TASK DATA.
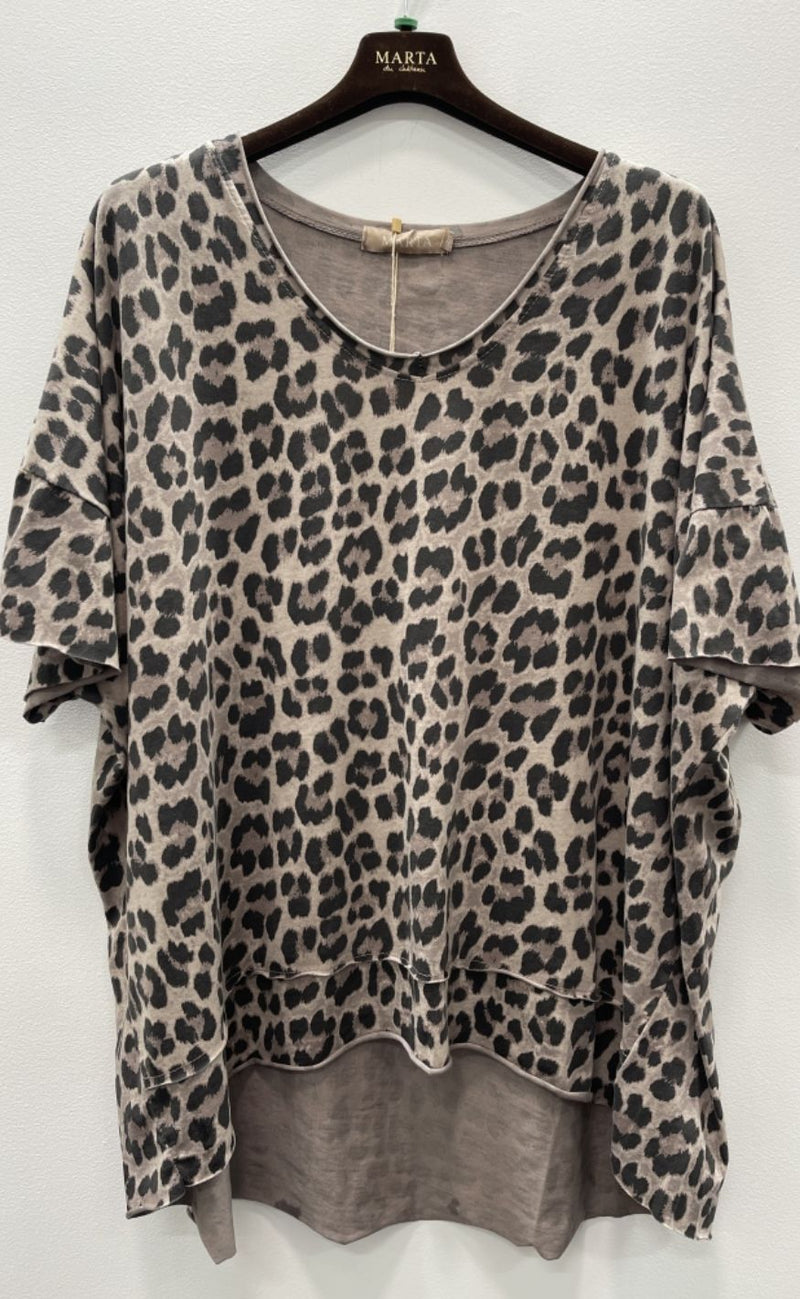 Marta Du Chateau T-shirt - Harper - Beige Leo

==

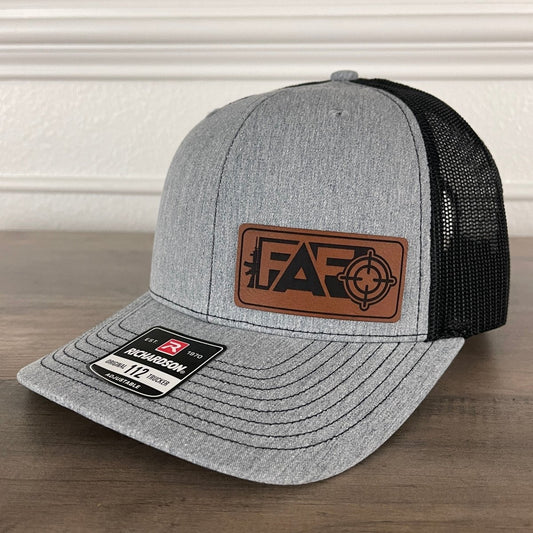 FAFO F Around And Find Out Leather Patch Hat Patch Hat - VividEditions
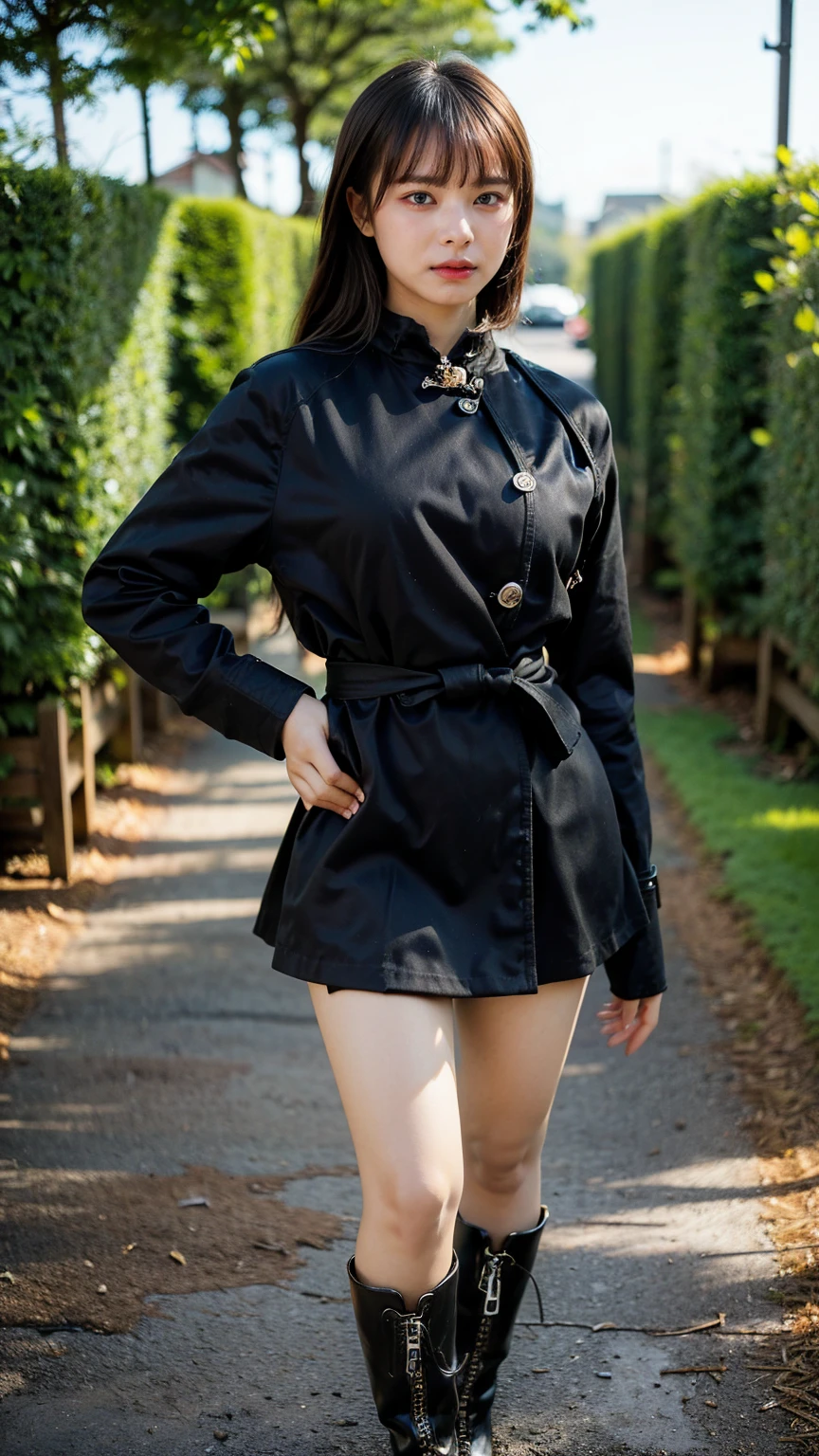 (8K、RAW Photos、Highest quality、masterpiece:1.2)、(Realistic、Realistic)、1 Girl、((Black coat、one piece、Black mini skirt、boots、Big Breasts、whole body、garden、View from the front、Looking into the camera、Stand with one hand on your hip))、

==

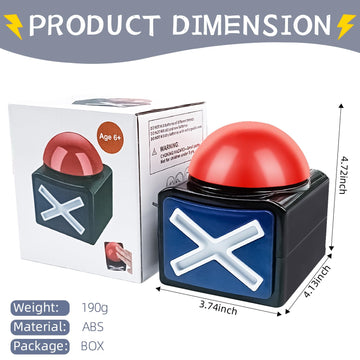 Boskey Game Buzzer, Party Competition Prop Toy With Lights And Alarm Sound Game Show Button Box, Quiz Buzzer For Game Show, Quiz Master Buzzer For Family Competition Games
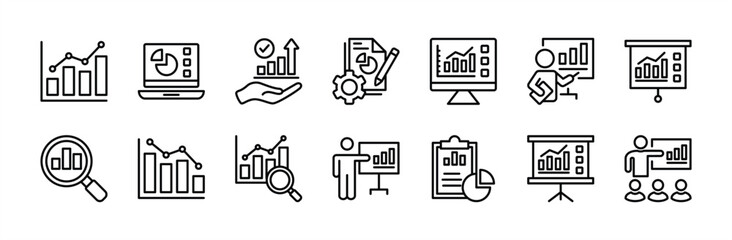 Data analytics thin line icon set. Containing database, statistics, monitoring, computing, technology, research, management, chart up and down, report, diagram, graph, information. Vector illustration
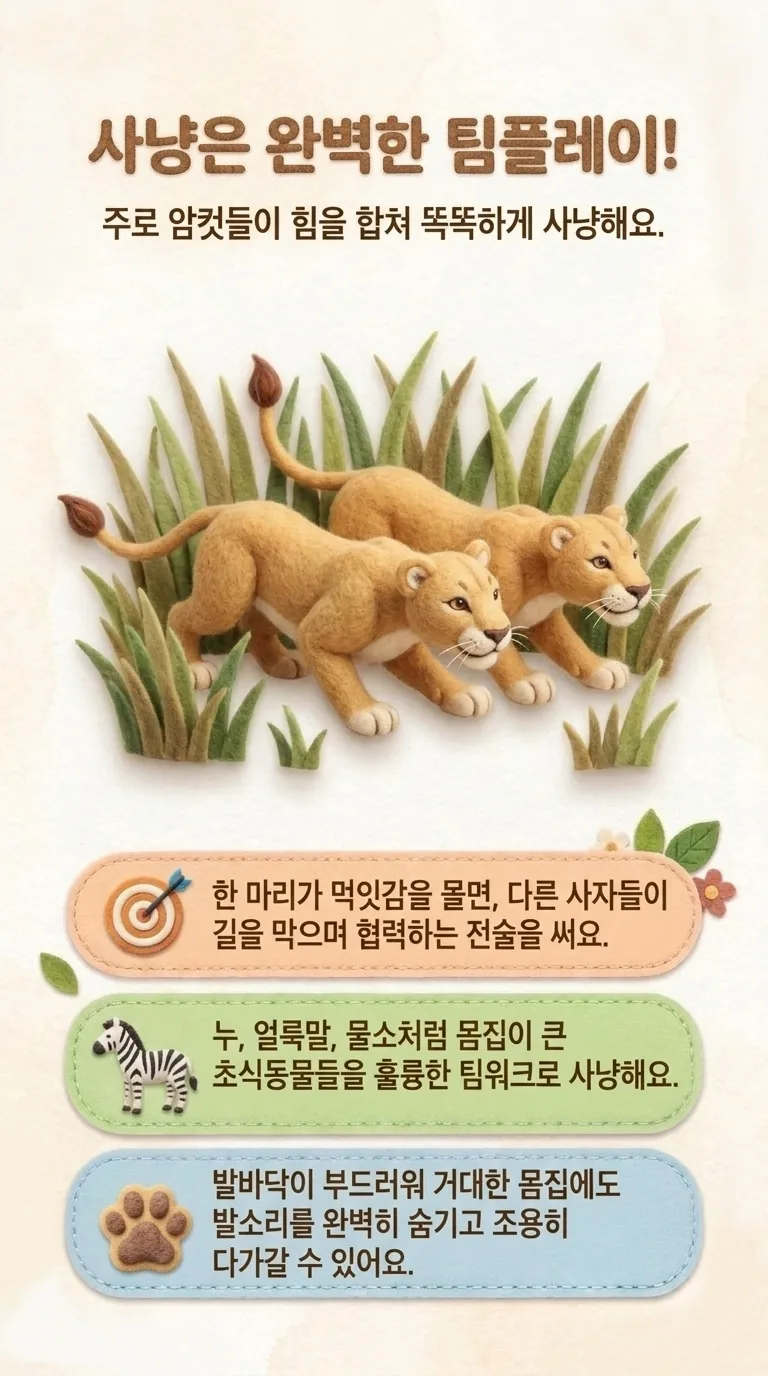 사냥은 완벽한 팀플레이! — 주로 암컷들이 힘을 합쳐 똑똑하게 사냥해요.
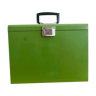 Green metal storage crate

TASK TO COMPLETE.
Pictures do not belong in the answer. Return the lines above starting at the one with "FAFO F Around" and ending at the one with "on your hip))、", both kept, exactly.

RESULT FOR THIS EXERCISE.
 FAFO F Around And Find Out Leather Patch Hat Patch Hat - VividEditions
 (8K、RAW Photos、Highest quality、masterpiece:1.2)、(Realistic、Realistic)、1 Girl、((Black coat、one piece、Black mini skirt、boots、Big Breasts、whole body、garden、View from the front、Looking into the camera、Stand with one hand on your hip))、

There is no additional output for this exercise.